[Opening MATERIAL PROVIDED section]

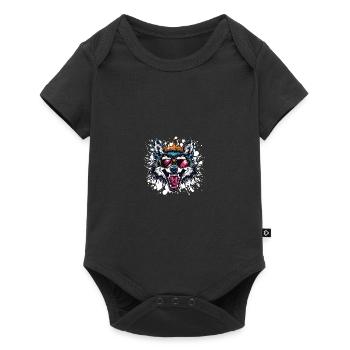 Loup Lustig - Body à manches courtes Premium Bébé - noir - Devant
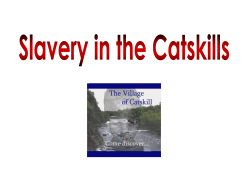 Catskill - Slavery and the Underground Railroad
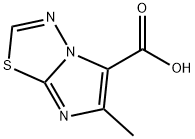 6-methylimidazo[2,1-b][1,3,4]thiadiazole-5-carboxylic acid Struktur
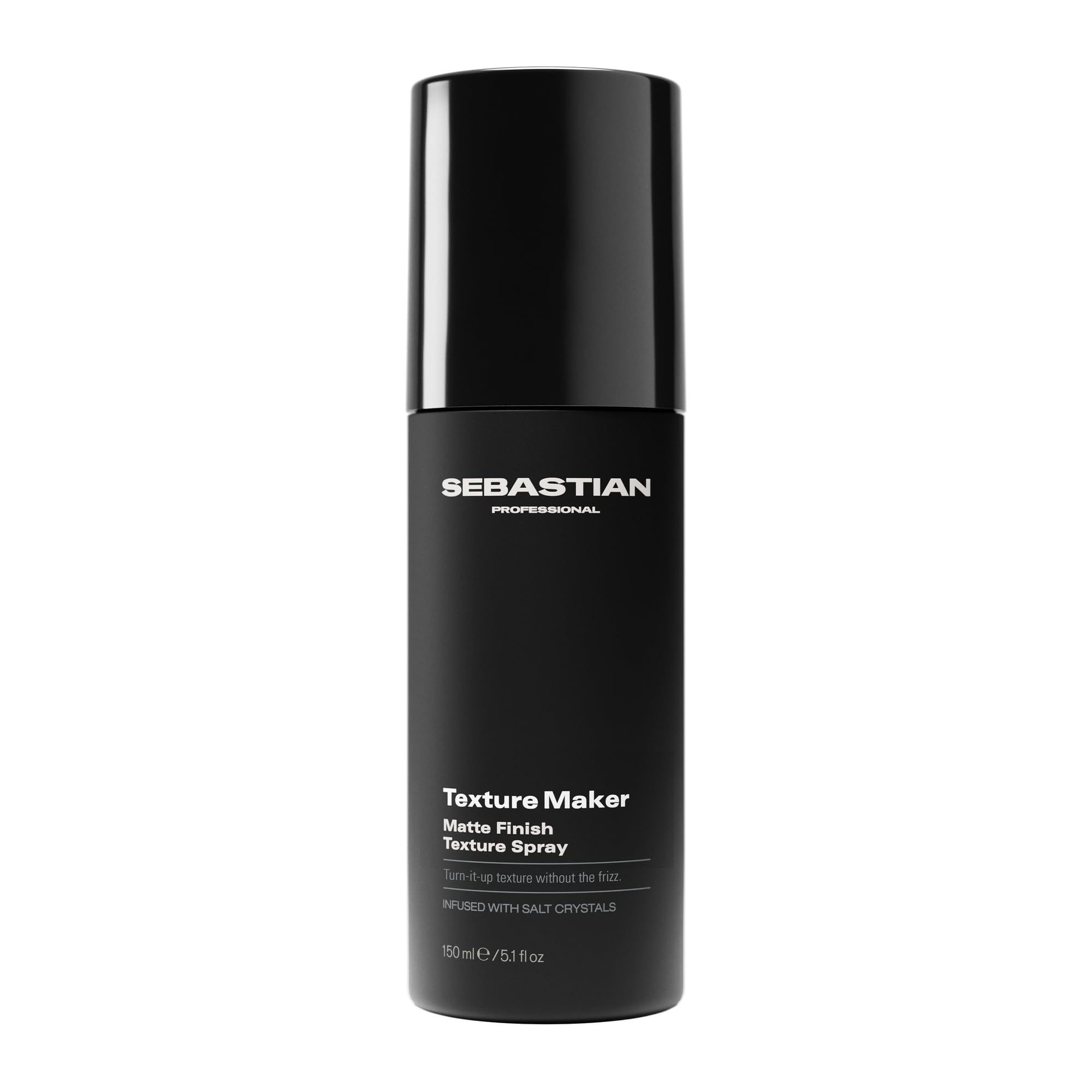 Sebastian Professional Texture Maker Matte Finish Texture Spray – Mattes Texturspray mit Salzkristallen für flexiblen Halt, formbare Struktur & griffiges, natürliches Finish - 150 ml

[Closing MATERIAL PROVIDED section]
[Opening MATERIAL PROVIDED section]

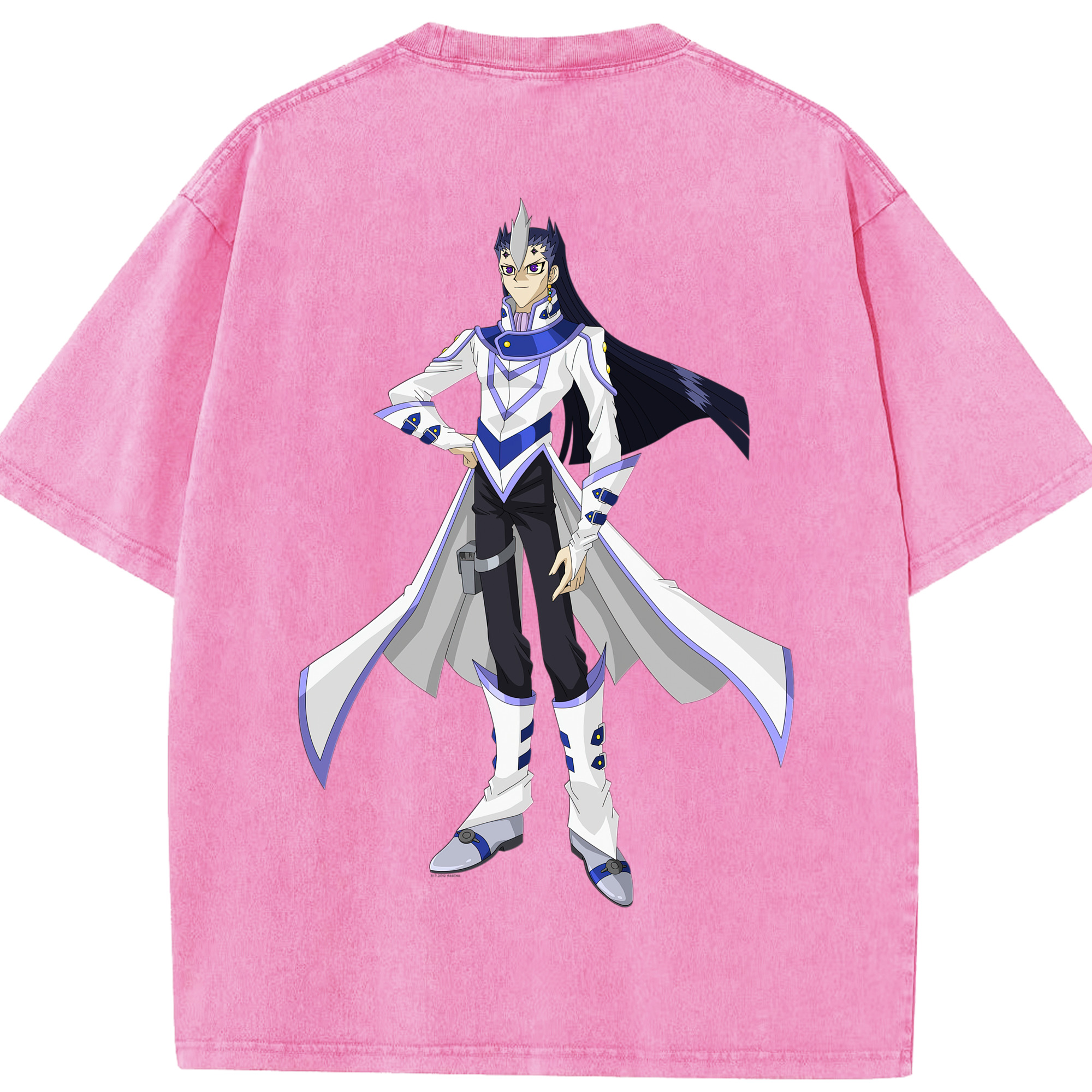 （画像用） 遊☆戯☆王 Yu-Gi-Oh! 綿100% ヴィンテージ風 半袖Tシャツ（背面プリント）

[Closing MATERIAL PROVIDED section]
[Opening MATERIAL PROVIDED section]

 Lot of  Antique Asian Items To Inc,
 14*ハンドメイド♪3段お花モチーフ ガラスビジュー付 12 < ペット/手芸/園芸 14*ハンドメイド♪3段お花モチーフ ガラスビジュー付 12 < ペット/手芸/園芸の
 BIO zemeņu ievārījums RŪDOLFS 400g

[Closing MATERIAL PROVIDED section]

### WORK TO COMPLETE
Set down word for word the lines above from the one with "Loup Lustig - Body" up to and including the one with "Sebastian Professional Texture". Omit every picture.

### REPLY
 Loup Lustig - Body à manches courtes Premium Bébé - noir - Devant
 Catskill - Slavery and the Underground Railroad
 6-methylimidazo[2,1-b][1,3,4]thiadiazole-5-carboxylic acid Struktur
 Sebastian Professional Texture Maker Matte Finish Texture Spray – Mattes Texturspray mit Salzkristallen für flexiblen Halt, formbare Struktur & griffiges, natürliches Finish - 150 ml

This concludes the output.